Usta be.

May. 21st, 2007 05:12 pm
learnteach: (kissing)
[personal profile] learnteach
Usta be.

Reflection on roles.



I'm undergoing some existential angst here, on top of the difficult school system and the general life issues. It's not a big thing, but I thought I'd throw it out of my forebrain and onto the internet where it wouldn't bother me so much.

(Could be worse...usually it's Existential Blues! http://lyricsplayground.com/alpha/songs/e/existentialblues.shtml)

Ya see, I usta be...a lot of things that I'm not anymore. Haven't put the time in. Haven't been keeping up on the dues.

Usta be an engineer. I forget how strong a part of my personality that was. It's been 3 years since I designed/set up/hacked anything more interesting than basic computer electronics. I teach engineering, but am I really an engineer?

Usta be a martial artist. Not doing much of that in any form these days. Dojo-kun, continual practice, self improvement, arguing philosophy while drinking sake, just not doing it.

Usta be a motorcyclist. Never a biker. Now, I just ride a bike occasionally.

Wanted to be a teacher. Have found, at least at the high school science level, that I'm not cut out for it--not making me very happy. Not making me ANY money.

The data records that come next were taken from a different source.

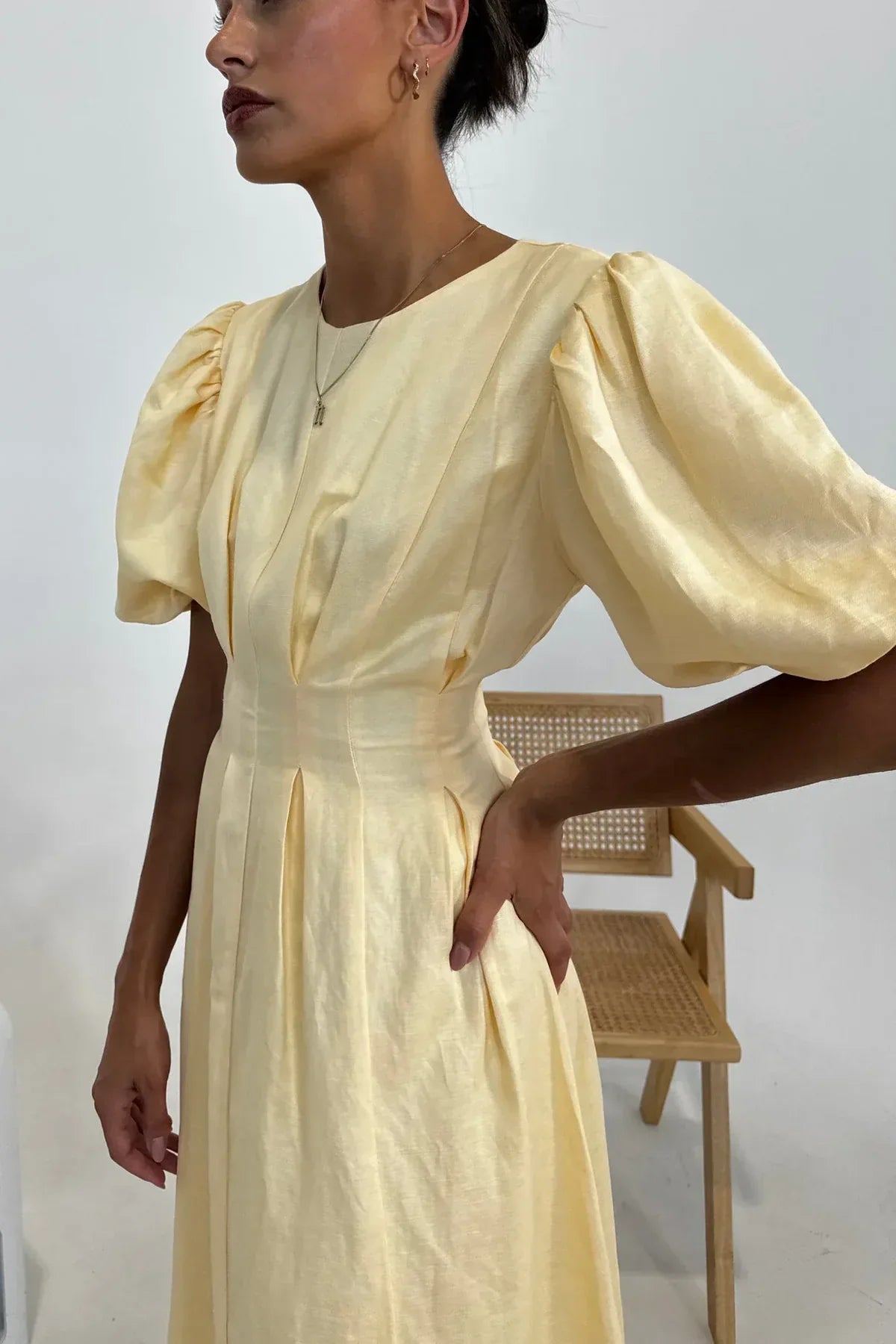 https://cdn.shopify.com/s/files/1/0951/5568/3666/files/robe3.webp?v=1742857939
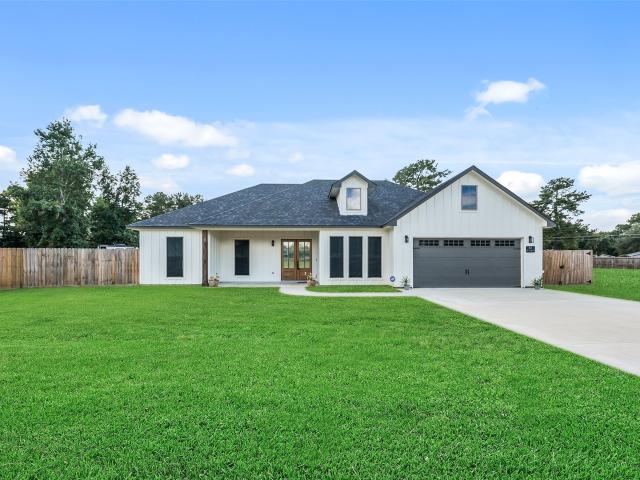 House for sale in Shepherd, Texas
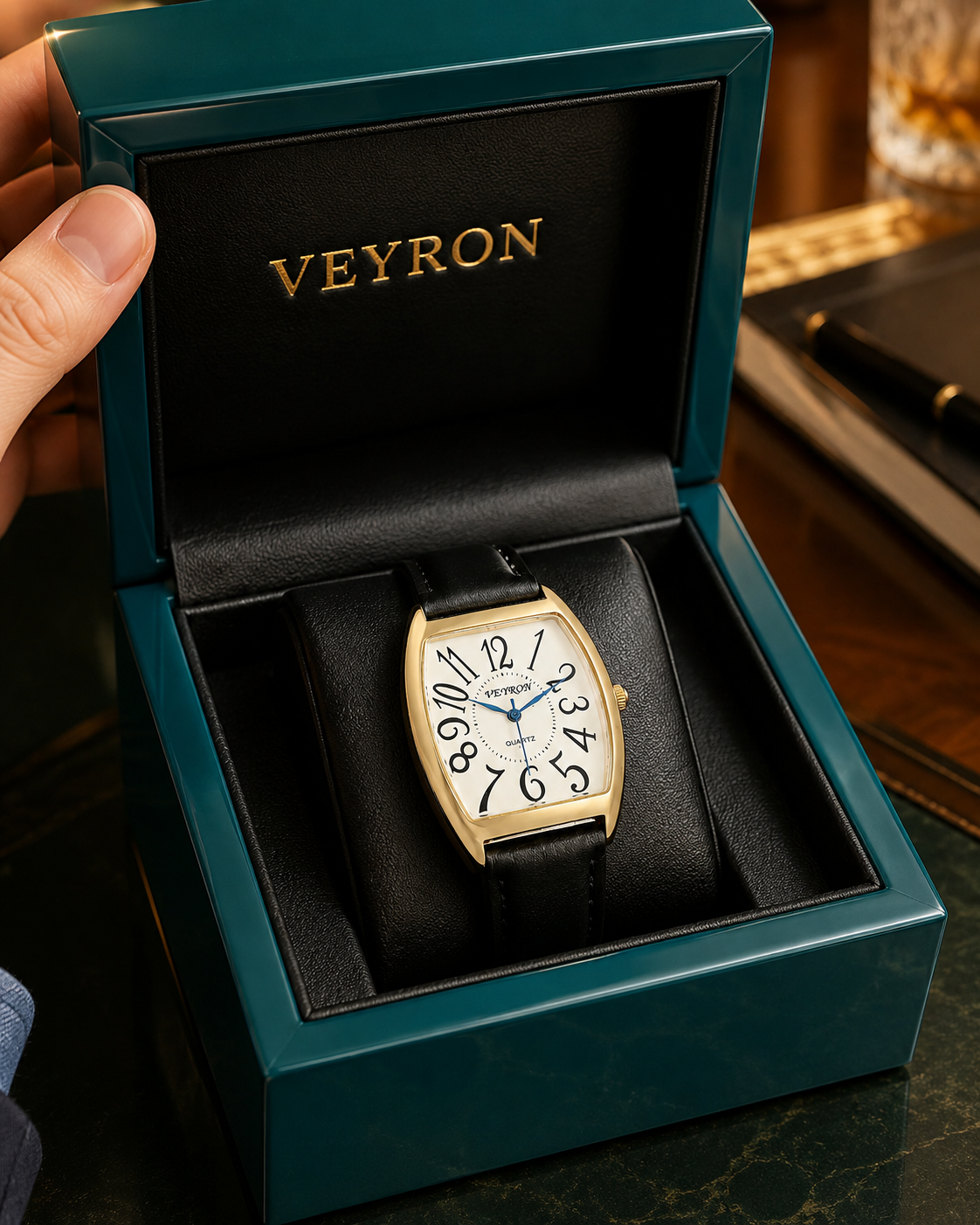 VEY 001 — three-quarter angle, steel tonneau case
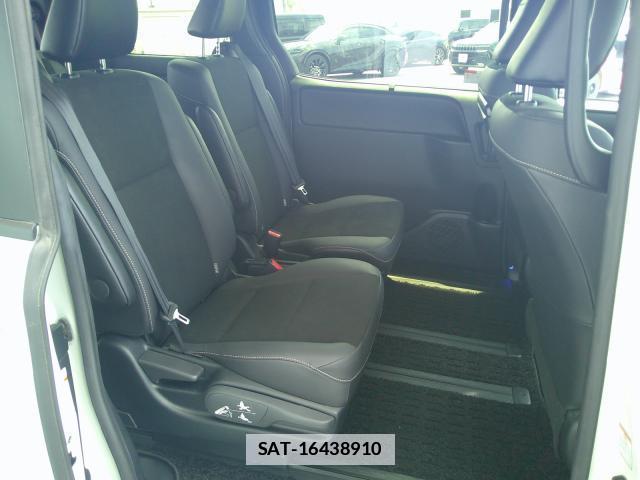 Toyota NOAH 2021-10 7870418-14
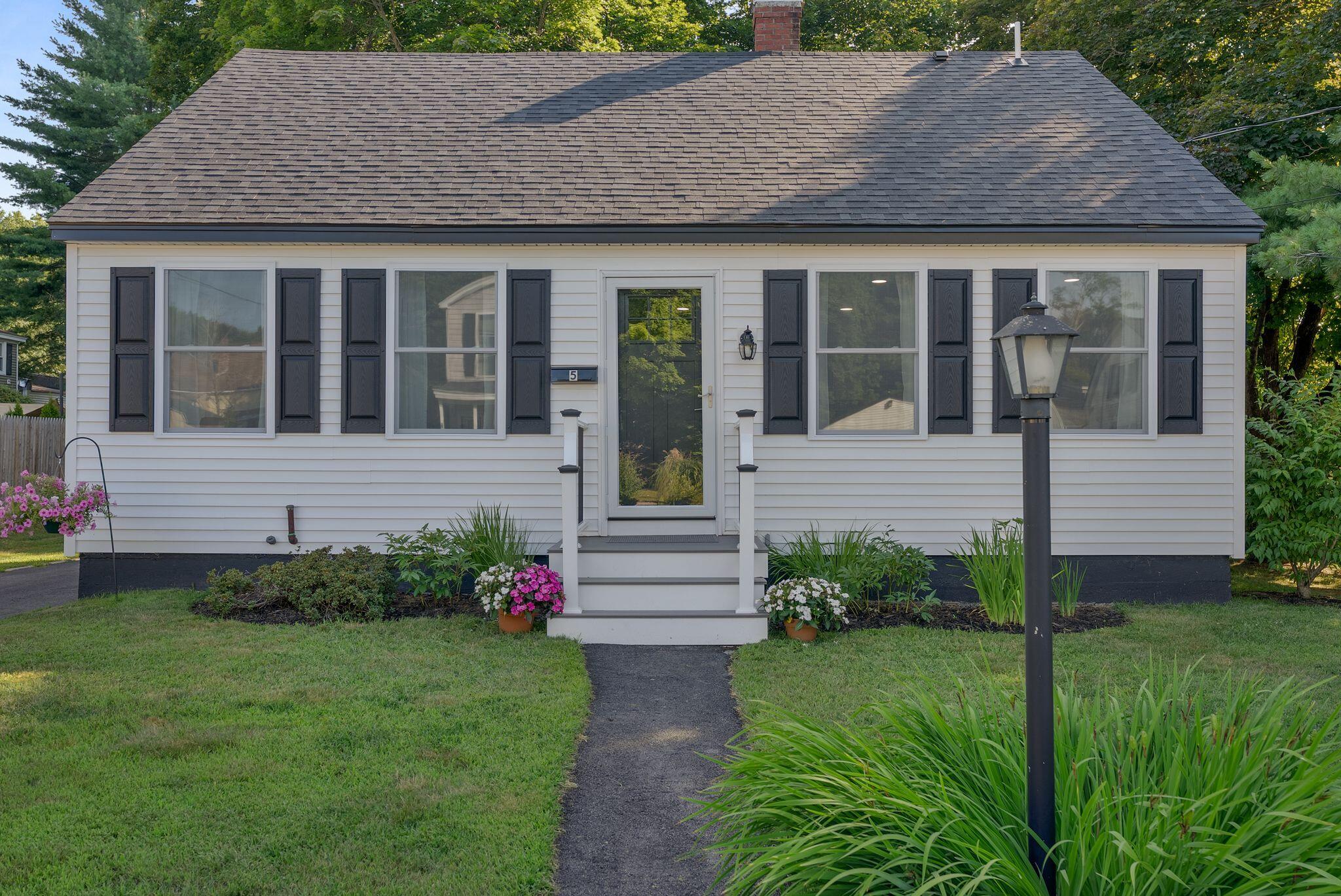 5 Calef Street Property Photo 9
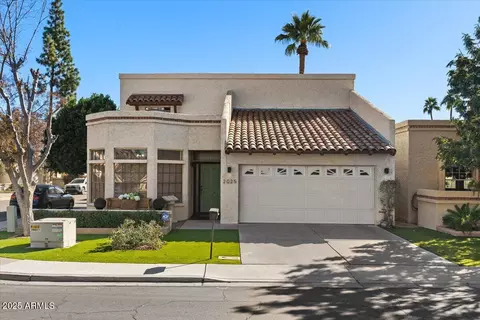 2025 W Navarro Ave, Mesa, AZ 85202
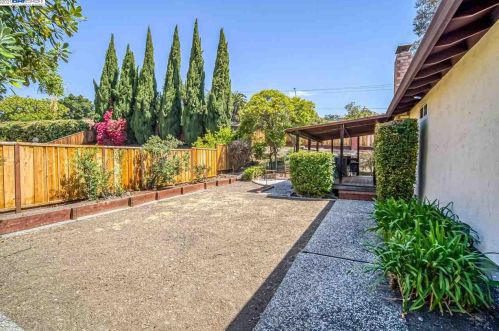 1631 Stemel Way, Milpitas, CA 95035-4729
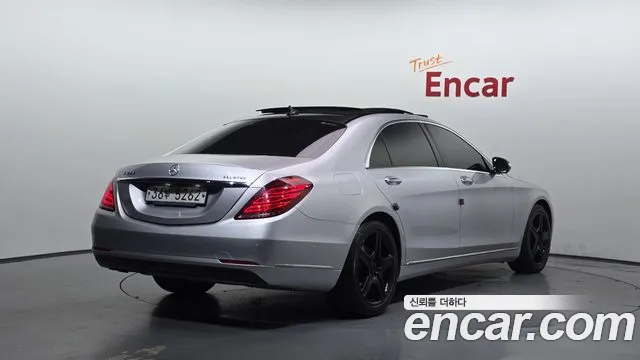 Mercedes-Benz S-Класс 2015 thumb 2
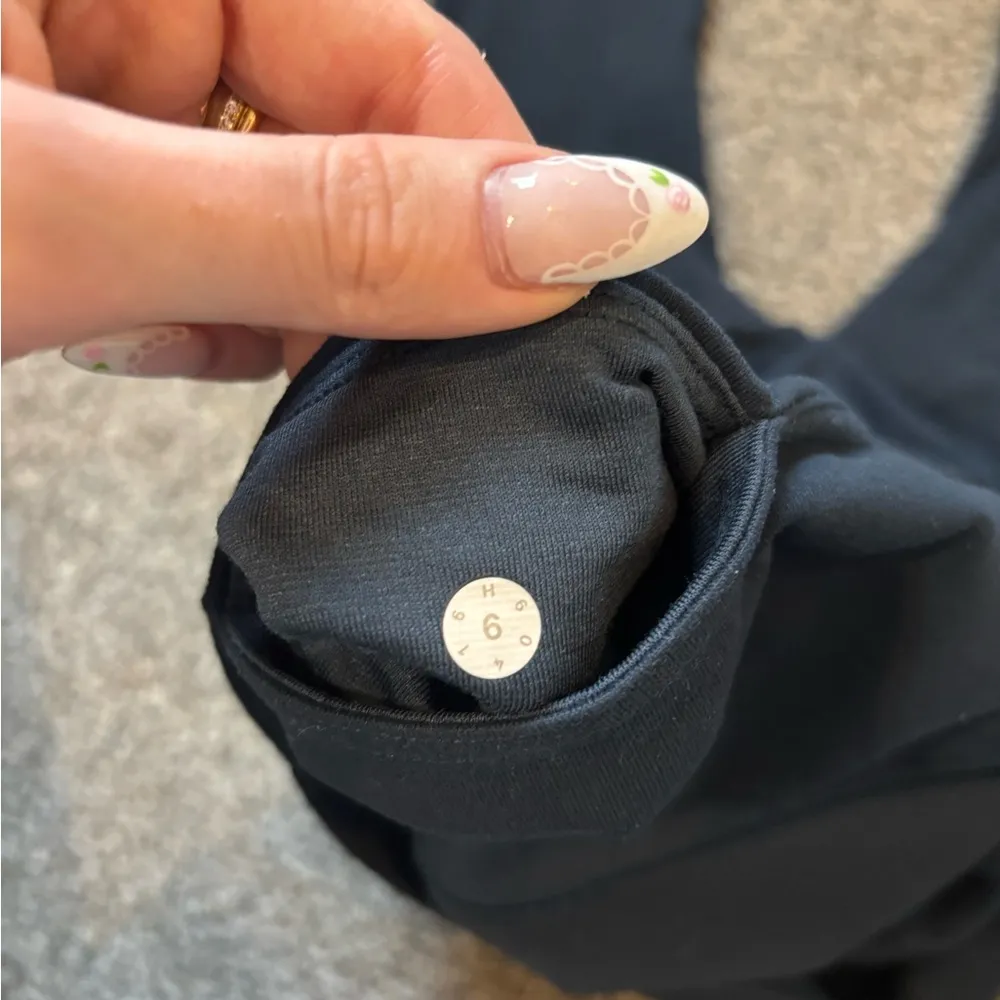 Lululemon  Blue Full Length Leggings - Image 5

Usta, wanted to...what am I now?

Existential blues.

Date: 2007-05-23 12:15 am (UTC)
From: [identity profile] collie13.livejournal.com
A thought: do you still want to do any of your "useta's"? If not, why lament their passing? Didn't you have fun doing them? Remember that instead. And if so, why not find partners to do them with? I know I want to start doing aikido again, and I'm sure there are plenty of folks in the SCA who'd love to do more things with you.